* TO DO: The response must restate the data exactly, with nothing left out.

DATA EXCERPT Start Marker

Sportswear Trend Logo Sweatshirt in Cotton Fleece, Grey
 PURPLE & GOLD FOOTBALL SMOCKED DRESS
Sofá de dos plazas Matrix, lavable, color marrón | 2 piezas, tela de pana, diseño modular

DATA EXCERPT End Marker

* TASK RESULT:
Sportswear Trend Logo Sweatshirt in Cotton Fleece, Grey
 PURPLE & GOLD FOOTBALL SMOCKED DRESS
Sofá de dos plazas Matrix, lavable, color marrón | 2 piezas, tela de pana, diseño modular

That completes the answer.